Damian Thompson has an idea...
  • G
    Posts: 1,389
    http://blogs.telegraph.co.uk/damian_thompson/blog/2008/09/23/the_fight_against_futurechurch_music

    Damian Thompson in the Telegraph present a proposal with a familiar ring to it.

    Today I spoke to a leading Catholic cathedral musician, who said he was fed up with SSG composers "pushing their own rubbish at dioceses in their endless workshops". His suggestion: commission simple, chant-based settings of the liturgy from composers and publish them free of charge on the internet.

    Imagine the fury of certain well-off composer-publishers if settings of the Mass and antiphons that were better than their own tripe – and more in line with Pope Benedict's teachings – could be downloaded for nothing.
  • He's correct.. Chabanel Psalms beat the hockey shorts off the OCP and GIA PAYTOPLAY stuff.
  • Another positive point to this would be any upcoming live broadcast of any large, special occasion Mass. While parish/cathedral musicians sometimes need to check copyright permissions for printing parts in the worship aid, they don't usually have to pay royalties for the performance, since it's not a ticket purchasing event. But, when that Mass gets to the radio station, especially a non-profit Catholic station, these stations are required to pay fees to the PROs (Performing Rights Organizations) for the broadcast content.
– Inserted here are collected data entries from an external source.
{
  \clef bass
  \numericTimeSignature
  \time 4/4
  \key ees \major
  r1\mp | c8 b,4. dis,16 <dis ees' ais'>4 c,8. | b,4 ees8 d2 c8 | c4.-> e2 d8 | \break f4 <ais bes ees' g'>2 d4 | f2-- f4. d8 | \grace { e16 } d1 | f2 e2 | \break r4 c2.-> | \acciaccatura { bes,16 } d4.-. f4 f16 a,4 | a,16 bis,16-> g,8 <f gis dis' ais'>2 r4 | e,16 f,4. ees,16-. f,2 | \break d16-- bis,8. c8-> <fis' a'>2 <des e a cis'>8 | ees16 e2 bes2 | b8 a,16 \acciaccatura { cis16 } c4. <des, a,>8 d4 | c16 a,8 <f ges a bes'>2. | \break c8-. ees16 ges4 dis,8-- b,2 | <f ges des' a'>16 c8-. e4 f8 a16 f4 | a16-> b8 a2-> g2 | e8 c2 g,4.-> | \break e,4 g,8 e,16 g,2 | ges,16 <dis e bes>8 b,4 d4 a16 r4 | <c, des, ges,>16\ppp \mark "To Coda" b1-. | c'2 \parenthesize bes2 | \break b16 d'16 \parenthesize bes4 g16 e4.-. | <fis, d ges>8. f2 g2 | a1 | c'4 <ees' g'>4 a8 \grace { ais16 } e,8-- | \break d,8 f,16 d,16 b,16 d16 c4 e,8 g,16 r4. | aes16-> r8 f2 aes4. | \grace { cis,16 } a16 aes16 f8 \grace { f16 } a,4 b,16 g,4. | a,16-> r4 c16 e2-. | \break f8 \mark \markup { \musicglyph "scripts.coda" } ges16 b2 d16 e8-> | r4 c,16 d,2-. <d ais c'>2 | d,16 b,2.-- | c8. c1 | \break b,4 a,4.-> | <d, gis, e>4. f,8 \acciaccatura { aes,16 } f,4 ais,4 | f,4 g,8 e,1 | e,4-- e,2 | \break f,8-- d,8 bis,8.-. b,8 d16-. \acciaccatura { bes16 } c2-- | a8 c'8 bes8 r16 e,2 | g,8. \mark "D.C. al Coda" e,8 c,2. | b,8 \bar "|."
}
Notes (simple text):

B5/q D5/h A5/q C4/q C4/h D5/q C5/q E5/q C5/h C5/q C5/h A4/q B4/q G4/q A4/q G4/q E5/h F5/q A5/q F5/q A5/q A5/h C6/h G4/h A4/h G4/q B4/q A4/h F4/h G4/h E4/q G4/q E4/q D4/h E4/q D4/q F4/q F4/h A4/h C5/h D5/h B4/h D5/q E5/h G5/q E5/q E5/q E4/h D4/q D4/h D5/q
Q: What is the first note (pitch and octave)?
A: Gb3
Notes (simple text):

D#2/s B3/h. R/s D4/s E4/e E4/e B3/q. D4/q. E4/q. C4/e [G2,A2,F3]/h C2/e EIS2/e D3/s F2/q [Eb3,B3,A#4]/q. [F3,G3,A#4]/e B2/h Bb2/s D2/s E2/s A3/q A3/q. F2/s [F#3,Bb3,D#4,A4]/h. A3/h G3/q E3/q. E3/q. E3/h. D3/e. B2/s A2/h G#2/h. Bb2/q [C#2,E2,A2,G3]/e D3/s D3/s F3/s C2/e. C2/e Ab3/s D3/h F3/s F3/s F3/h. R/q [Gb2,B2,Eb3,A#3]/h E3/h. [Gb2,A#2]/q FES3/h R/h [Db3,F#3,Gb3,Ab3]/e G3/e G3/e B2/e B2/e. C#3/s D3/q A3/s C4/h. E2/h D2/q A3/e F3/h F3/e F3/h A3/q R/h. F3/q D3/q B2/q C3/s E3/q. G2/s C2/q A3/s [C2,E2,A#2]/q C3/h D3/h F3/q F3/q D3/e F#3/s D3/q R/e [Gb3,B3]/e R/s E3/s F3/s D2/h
Now many, if not most, of these stations are mostly "talk" - only occasionally music, maybe seasonal. But, if they play ANY music in the year, they MUST pay the fee for the entire year. Some of the Catholic produced talk shows with "bumper music" have removed all such music so their broadcasting stations who get their productions don't have to pay. This is something that Catholic Radio is working to fix, but it's not going to be over-night. As a church musician, I would hate to need to program the liturgy around secular taxes and fees, but there might not be any way around it in this corporate atmosphere, and where all our "Catholic" publishing companies are following the Hollywood example.

    Just something else to consider when dealing with music composing and performance.